Source records —
---

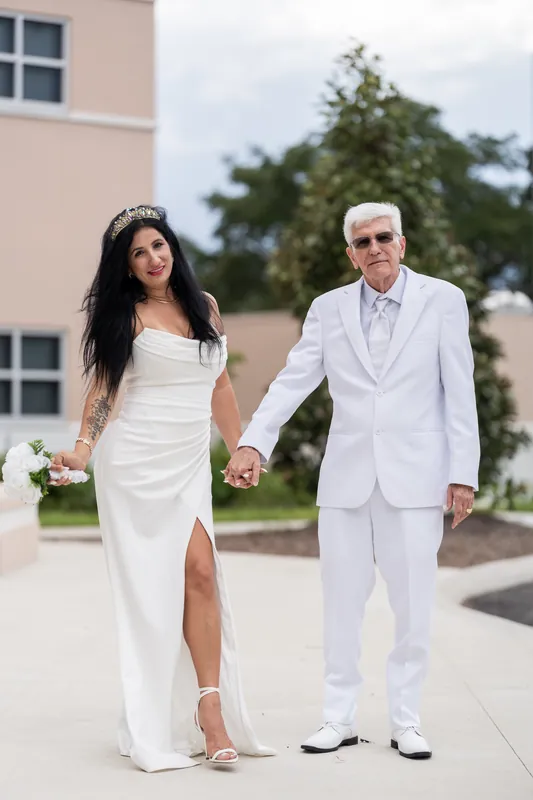 Isury and Mike hold hands while walking across the courthouse plaza, both in coordinating white attire.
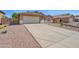 Home featuring a spacious driveway and a convenient two-car garage at 1144 E Nunneley Rd, Gilbert, AZ 85296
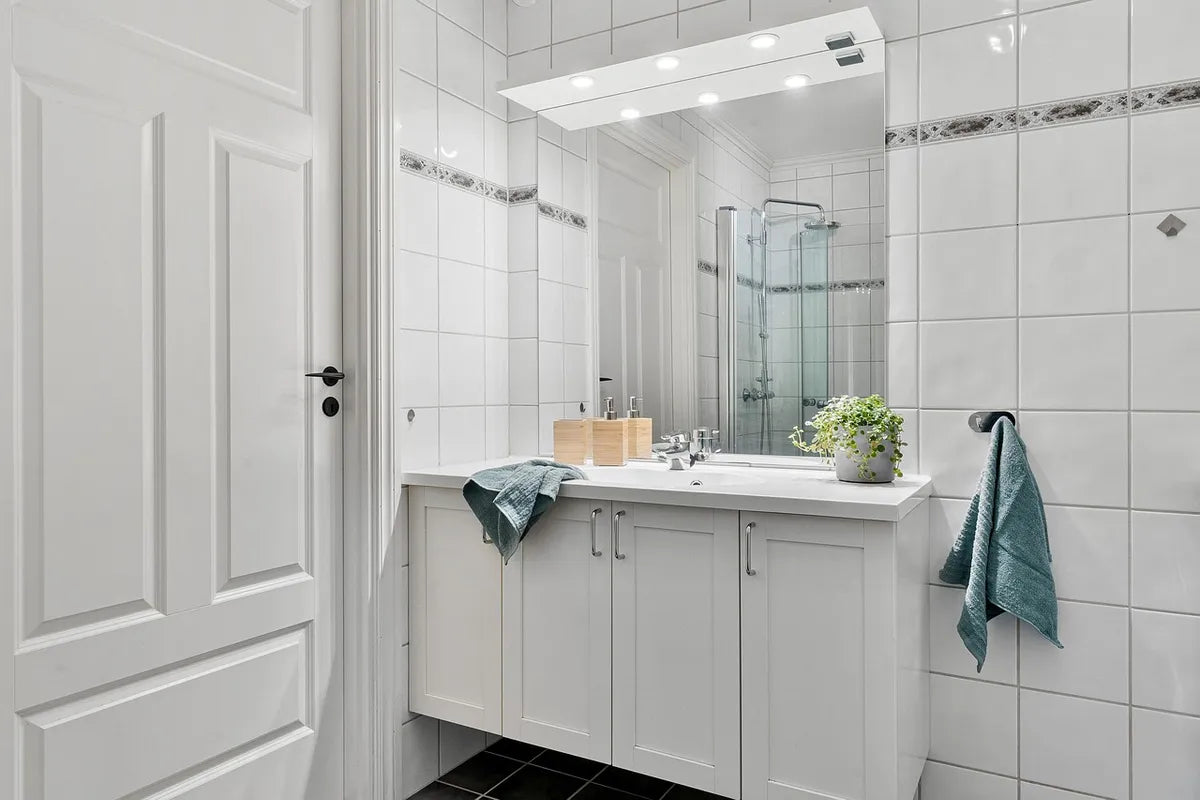 Salle de bain blanche avec douche et meuble vasque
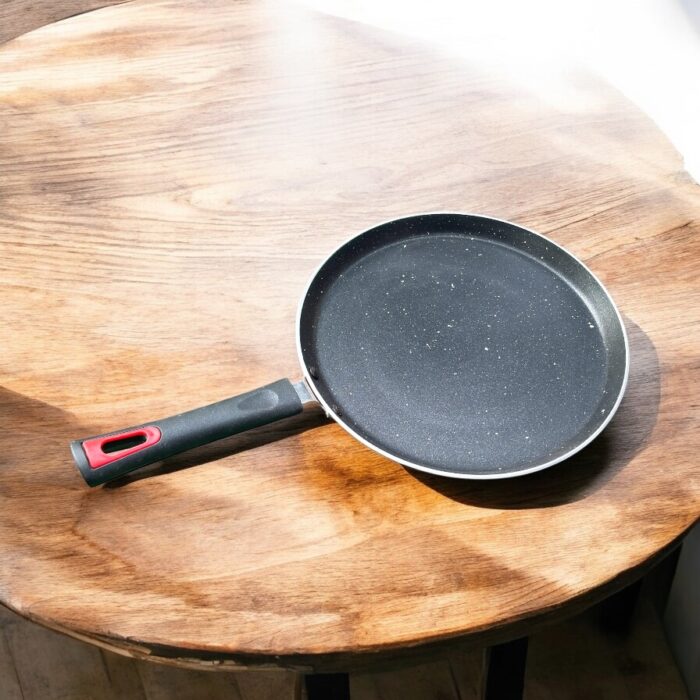 Top view of Pooja 25 cm hard anodized dosa tawa with induction base, featuring a thick 2.8 mm non-stick surface and ergonomic handle.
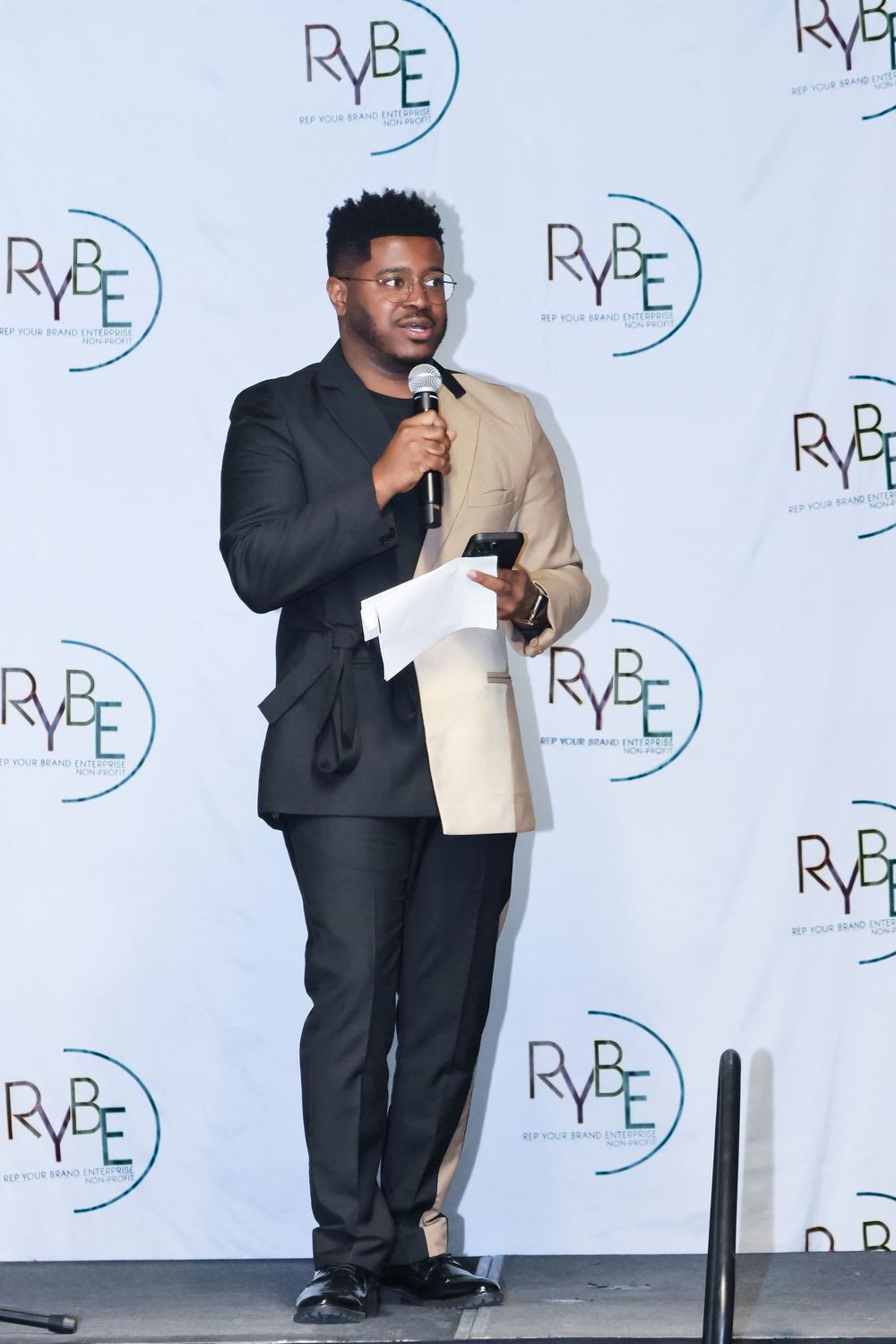 Speaker presenting on stage with branded backdrop at corporate event.
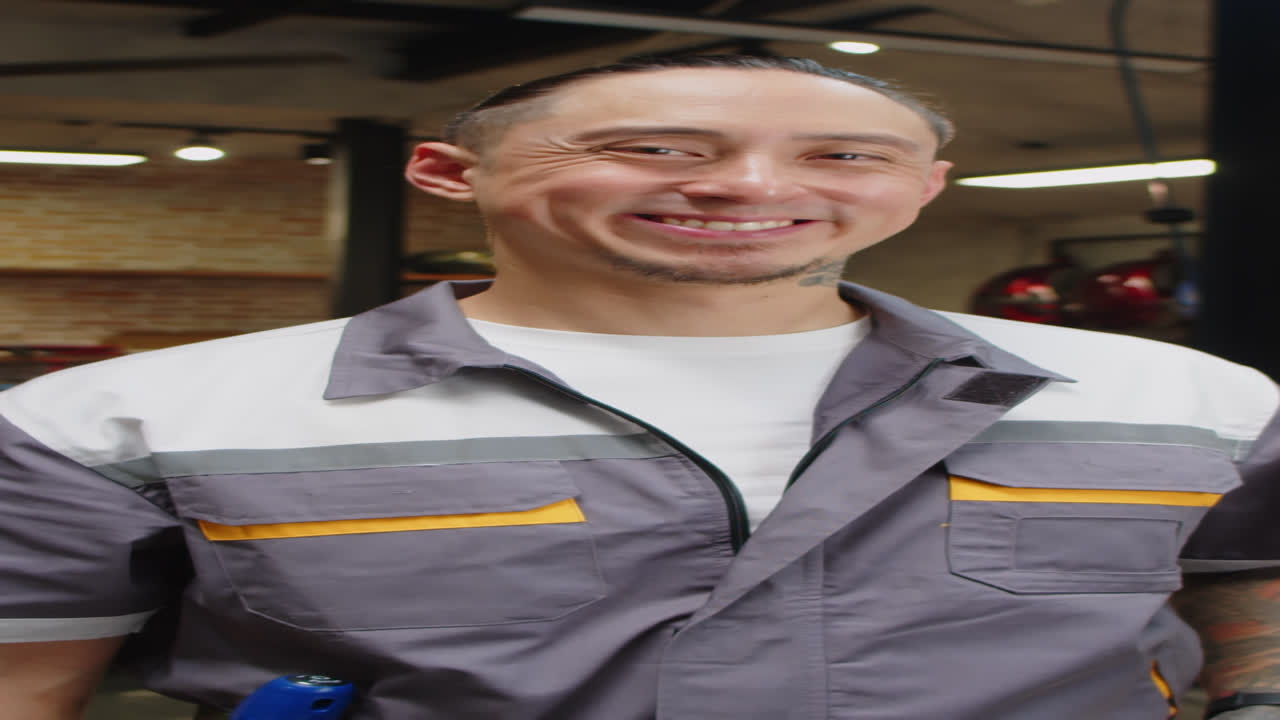 Portrait of Cheerful Mechanic in Garage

---

Word for word, set down each record shown above, omitting the pictures.

 Isury and Mike hold hands while walking across the courthouse plaza, both in coordinating white attire.
 Home featuring a spacious driveway and a convenient two-car garage at 1144 E Nunneley Rd, Gilbert, AZ 85296
 Salle de bain blanche avec douche et meuble vasque
 Top view of Pooja 25 cm hard anodized dosa tawa with induction base, featuring a thick 2.8 mm non-stick surface and ergonomic handle.
 Speaker presenting on stage with branded backdrop at corporate event.
 Portrait of Cheerful Mechanic in Garage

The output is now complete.